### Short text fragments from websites
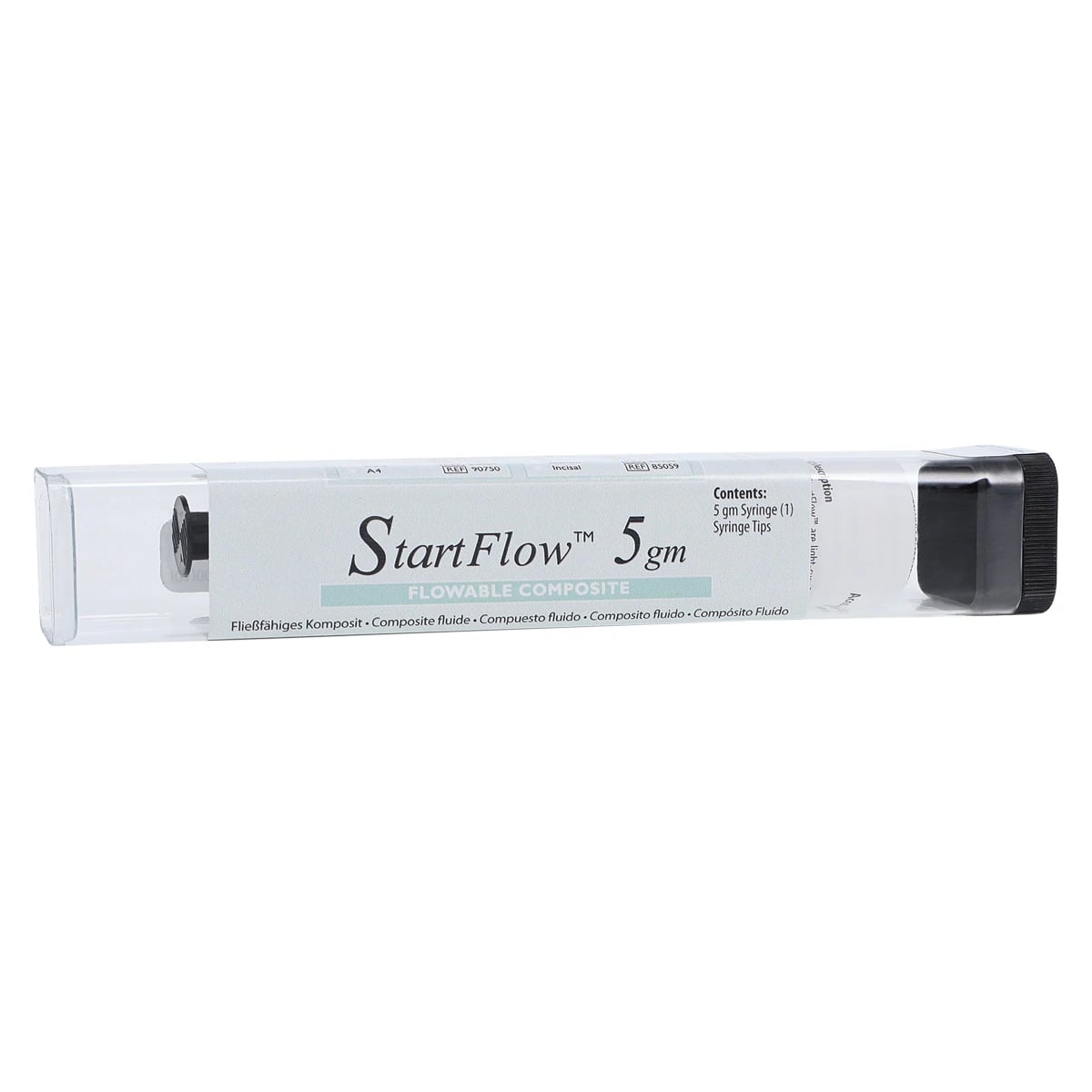 StartFlow Light-Cure Flowable Micro-Hybrid Composite Syringe Refill, Shade C2, 5g, 1/Pk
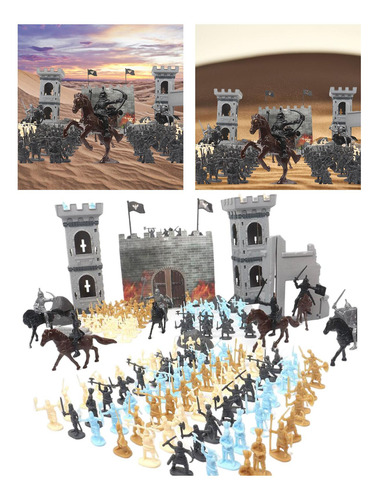 Juego De Juguetes Diy Juguetes Desarrollo Castillo Plástico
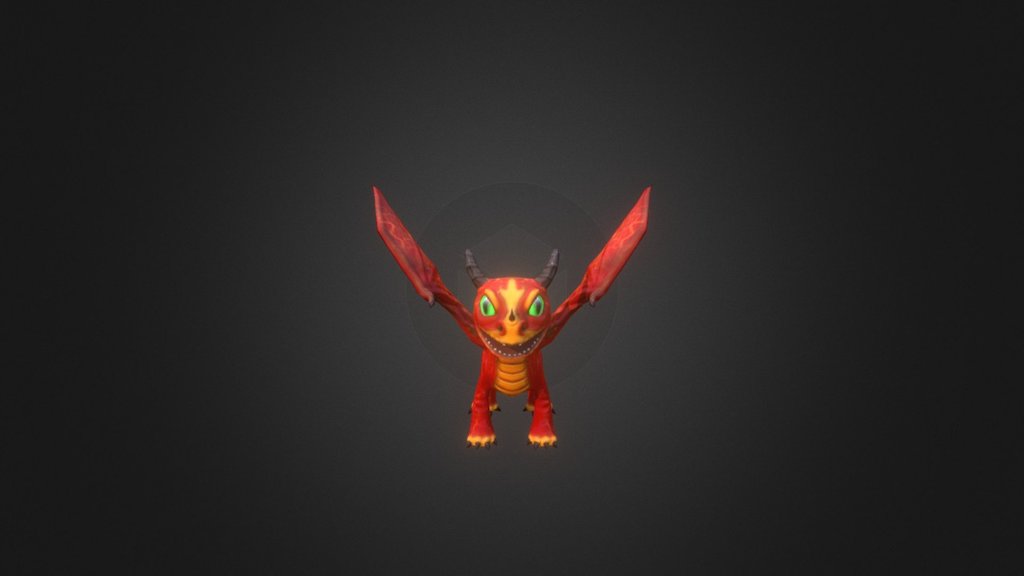 Dragon Red 01 - 3D model by disartix01 [f9b60d1] - Sketchfab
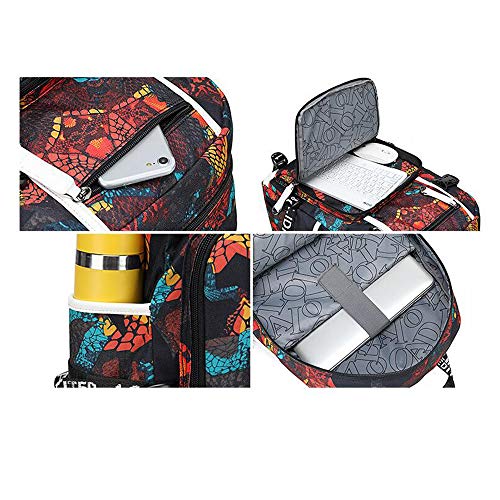 Soccer Player Star Cristiano Ronaldo Multifunction Backpack CR7 Travel Student Football Fans Bookbag For Men Women (Style 6)
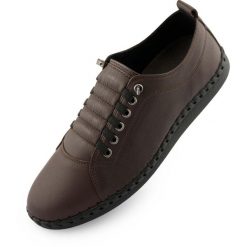 Eleganckie skórzane trampki Nell M6019 w kolorze brązowym, rozmiar 39. Brązowe trampki i tenisówki damskie ENELL, bez wzorów. Za 336.99 zł.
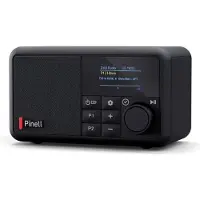 Pinell Radio Compact Bluetooth budzik DAB+/FM (DAB, DAB+ DAB, Bluetooth), Radio, Noir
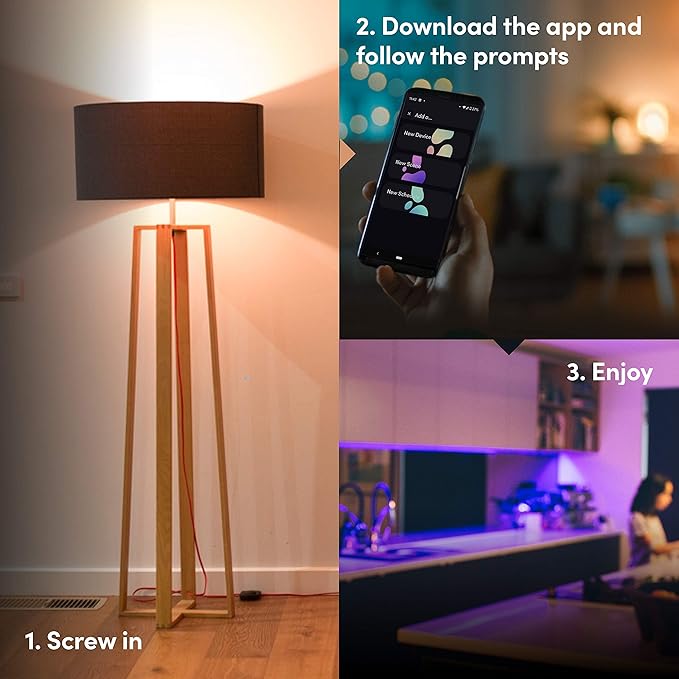 LIFX Color BR30 Smart LED Flood Light Bulb, 1100 Lumens, Dimmable, 2.4GHz Wi-Fi, Billions of Colors and Whites, Compatible with Alexa, Hey Google, HomeKit and Siri, HB2LHB30E26US, 2-Pack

### WHAT IS EXPECTED
Set the pictures aside and reproduce exactly the lines above, from the line holding "Dragon Red 01" through the line holding "Soccer Player Star", both included, with nothing else.

### RESULT OF THE TASK
 Dragon Red 01 - 3D model by disartix01 [f9b60d1] - Sketchfab
 Soccer Player Star Cristiano Ronaldo Multifunction Backpack CR7 Travel Student Football Fans Bookbag For Men Women (Style 6)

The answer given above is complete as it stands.